§ Exercise description
Your reply should consist solely of the lines from the start of the material below through the line containing "Women's Fashion Sexy", reproduced exactly.

§ Data in this exercise
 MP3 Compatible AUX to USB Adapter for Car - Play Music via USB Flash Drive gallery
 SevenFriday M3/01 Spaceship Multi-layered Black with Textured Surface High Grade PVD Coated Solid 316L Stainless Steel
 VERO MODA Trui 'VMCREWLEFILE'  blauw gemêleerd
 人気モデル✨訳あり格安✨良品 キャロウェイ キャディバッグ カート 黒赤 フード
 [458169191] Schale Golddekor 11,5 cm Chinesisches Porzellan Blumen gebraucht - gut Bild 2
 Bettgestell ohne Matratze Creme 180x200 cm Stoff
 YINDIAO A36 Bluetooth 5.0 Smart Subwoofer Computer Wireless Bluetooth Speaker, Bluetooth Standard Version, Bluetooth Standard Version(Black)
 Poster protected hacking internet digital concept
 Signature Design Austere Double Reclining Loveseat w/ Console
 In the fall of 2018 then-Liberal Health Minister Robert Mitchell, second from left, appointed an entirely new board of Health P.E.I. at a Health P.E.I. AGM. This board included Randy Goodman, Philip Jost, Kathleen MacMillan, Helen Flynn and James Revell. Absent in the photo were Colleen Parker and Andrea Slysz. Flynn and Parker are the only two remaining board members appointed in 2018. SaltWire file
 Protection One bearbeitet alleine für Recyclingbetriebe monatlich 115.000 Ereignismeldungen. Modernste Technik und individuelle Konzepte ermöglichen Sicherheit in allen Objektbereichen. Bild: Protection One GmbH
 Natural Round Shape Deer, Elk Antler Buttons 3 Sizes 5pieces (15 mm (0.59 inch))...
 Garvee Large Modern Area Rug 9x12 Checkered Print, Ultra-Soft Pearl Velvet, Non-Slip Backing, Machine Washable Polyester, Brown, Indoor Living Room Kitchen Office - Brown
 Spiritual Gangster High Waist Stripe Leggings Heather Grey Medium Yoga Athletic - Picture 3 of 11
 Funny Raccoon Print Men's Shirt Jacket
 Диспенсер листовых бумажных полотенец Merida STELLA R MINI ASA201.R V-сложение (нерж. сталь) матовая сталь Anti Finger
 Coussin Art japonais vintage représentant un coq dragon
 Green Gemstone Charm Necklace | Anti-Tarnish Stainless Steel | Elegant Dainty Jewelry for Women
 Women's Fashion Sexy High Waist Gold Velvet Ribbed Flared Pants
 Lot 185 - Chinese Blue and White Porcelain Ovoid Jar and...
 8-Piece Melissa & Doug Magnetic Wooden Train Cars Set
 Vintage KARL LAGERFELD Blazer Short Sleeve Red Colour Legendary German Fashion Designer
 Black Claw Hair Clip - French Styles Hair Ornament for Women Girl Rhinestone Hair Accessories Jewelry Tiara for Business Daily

§ Response to the exercise
 MP3 Compatible AUX to USB Adapter for Car - Play Music via USB Flash Drive gallery
 SevenFriday M3/01 Spaceship Multi-layered Black with Textured Surface High Grade PVD Coated Solid 316L Stainless Steel
 VERO MODA Trui 'VMCREWLEFILE'  blauw gemêleerd
 人気モデル✨訳あり格安✨良品 キャロウェイ キャディバッグ カート 黒赤 フード
 [458169191] Schale Golddekor 11,5 cm Chinesisches Porzellan Blumen gebraucht - gut Bild 2
 Bettgestell ohne Matratze Creme 180x200 cm Stoff
 YINDIAO A36 Bluetooth 5.0 Smart Subwoofer Computer Wireless Bluetooth Speaker, Bluetooth Standard Version, Bluetooth Standard Version(Black)
 Poster protected hacking internet digital concept
 Signature Design Austere Double Reclining Loveseat w/ Console
 In the fall of 2018 then-Liberal Health Minister Robert Mitchell, second from left, appointed an entirely new board of Health P.E.I. at a Health P.E.I. AGM. This board included Randy Goodman, Philip Jost, Kathleen MacMillan, Helen Flynn and James Revell. Absent in the photo were Colleen Parker and Andrea Slysz. Flynn and Parker are the only two remaining board members appointed in 2018. SaltWire file
 Protection One bearbeitet alleine für Recyclingbetriebe monatlich 115.000 Ereignismeldungen. Modernste Technik und individuelle Konzepte ermöglichen Sicherheit in allen Objektbereichen. Bild: Protection One GmbH
 Natural Round Shape Deer, Elk Antler Buttons 3 Sizes 5pieces (15 mm (0.59 inch))...
 Garvee Large Modern Area Rug 9x12 Checkered Print, Ultra-Soft Pearl Velvet, Non-Slip Backing, Machine Washable Polyester, Brown, Indoor Living Room Kitchen Office - Brown
 Spiritual Gangster High Waist Stripe Leggings Heather Grey Medium Yoga Athletic - Picture 3 of 11
 Funny Raccoon Print Men's Shirt Jacket
 Диспенсер листовых бумажных полотенец Merida STELLA R MINI ASA201.R V-сложение (нерж. сталь) матовая сталь Anti Finger
 Coussin Art japonais vintage représentant un coq dragon
 Green Gemstone Charm Necklace | Anti-Tarnish Stainless Steel | Elegant Dainty Jewelry for Women
 Women's Fashion Sexy High Waist Gold Velvet Ribbed Flared Pants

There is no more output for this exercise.